Being Jewish is mark of identity and bears no further qualification in terms of political commitment or any specialized knowledge. The considerable and well-founded support which we have received in the past few days in no small part from non-Jews is evidence of this. On the other hand, the Israeli government holds us hostage when they claim to speak for all Jews worldwide. This is why we say, loudly: “Not in our name!” We are a few dozen Jews with an internet connection and a sense of guilt and shame with respect to the Palestinians and fear for the future of Israel. All our activities are documented in writing, we are a political organization and operate in the public sphere. We have nothing to hide. We are of course not neutral, neutrality serves only the oppressor. We are affected by events, they concern our children, friends and relatives. We don’t have the resources of the federal government and no newspaper, as does the Central Council for the Jews. We all do this as volunteers without pay and in addition to our professional responsibilities and our personal social lives.

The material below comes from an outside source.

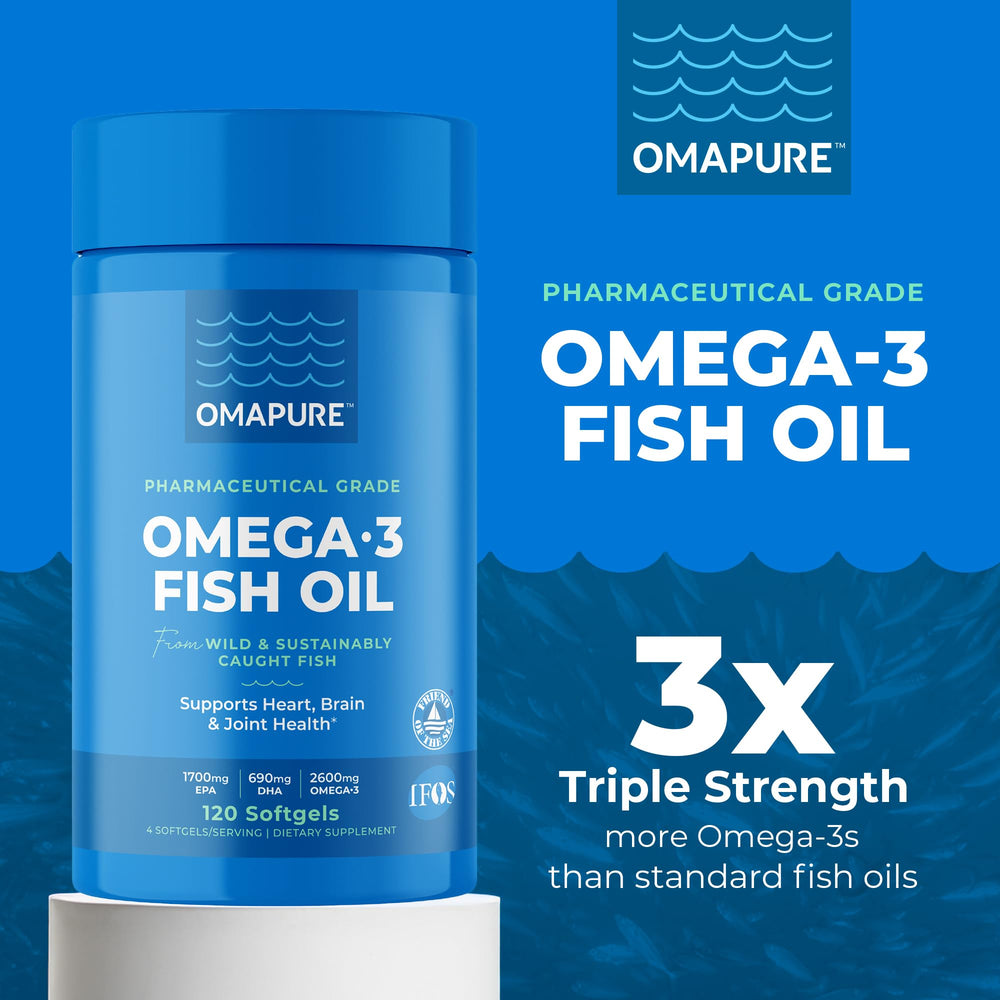 OMAPURE Fish Oil bottle back label with 5-bottle pack and IFOS testing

The events leading up to this ceremony once again demonstrate that when one speaks of Israeli politics, at least in Germany, one is not speaking about politics but about identity. Many Germans, Jewish and non-Jewish, try to assuage their difficulties with their identities by indiscriminately identifying themselves with the state of Israel. Regardless of the policies which the Israeli government pursues, they are always on board. This is why we founded our organization, in order for us, as Jews living in Germany, to give an outlet to our voice and to exert influence upon the German civic society. This is why this prize means so much to us: to be able to speak to you and with you as Jews. This is one of the central aims of our organization and our work within it.

A familiar pattern

In Germany we repeatedly experience events which unfold according to the same pattern: the rights of the Palestinians are violated, there is political protest against it, the German press finds – or invents, as recently evidenced by the fake news – an anti-semitic incident and ultimately the subject becomes anti-semitism itself which is then acted upon and the original protest is suffocated. Trump, for example, decides to relocate the American embassy to Jerusalem in violation of international law, young Palestinians protest in Berlin, a journalist from the Berliner Zeitung claims they shouted “Death to the Jew” and immediately there is talk of anti-semitism among Muslims. The fact that laborious research by the journalist Emily Dische-Becker revealed that the journalist who reported the incident does not speak or understand Arabic and that a thorough examination all film footage and audio recordings was unable to substantiate this assertion of course goes unnoticed. This is also because this view is suitable to many in this country. The new German identity has consolidated itself as “not anti-semitic” and has thus shifted Christian anti-semitism to a Muslim minority.  Thus the German past can be regarded as overcome and one can look past the NSU murderers, NPD, Pegida, Legida and the AfD (Alternative for Germany). There are of course but few Muslims among the AfD’s voters. Through this continuous shabby journalism the Jews remain the eternal victim and the Palestinians, or “Arabs” their perpetrators, while it is the Christians who are now there to “save the Jews”. This approach has been orchestrated for decades by the Israeli government and their institutions and supporters both in Israel and abroad.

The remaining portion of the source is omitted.